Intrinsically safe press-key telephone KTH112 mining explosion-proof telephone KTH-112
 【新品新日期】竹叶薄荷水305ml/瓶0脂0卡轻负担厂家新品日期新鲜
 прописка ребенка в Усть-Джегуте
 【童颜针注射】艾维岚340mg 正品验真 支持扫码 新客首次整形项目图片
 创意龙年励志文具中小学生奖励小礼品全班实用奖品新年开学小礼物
....................
§ **Work instructions**
Repeat all the material, keeping each line identical.

§ **Output of the task**
Intrinsically safe press-key telephone KTH112 mining explosion-proof telephone KTH-112
 【新品新日期】竹叶薄荷水305ml/瓶0脂0卡轻负担厂家新品日期新鲜
 прописка ребенка в Усть-Джегуте
 【童颜针注射】艾维岚340mg 正品验真 支持扫码 新客首次整形项目图片
 创意龙年励志文具中小学生奖励小礼品全班实用奖品新年开学小礼物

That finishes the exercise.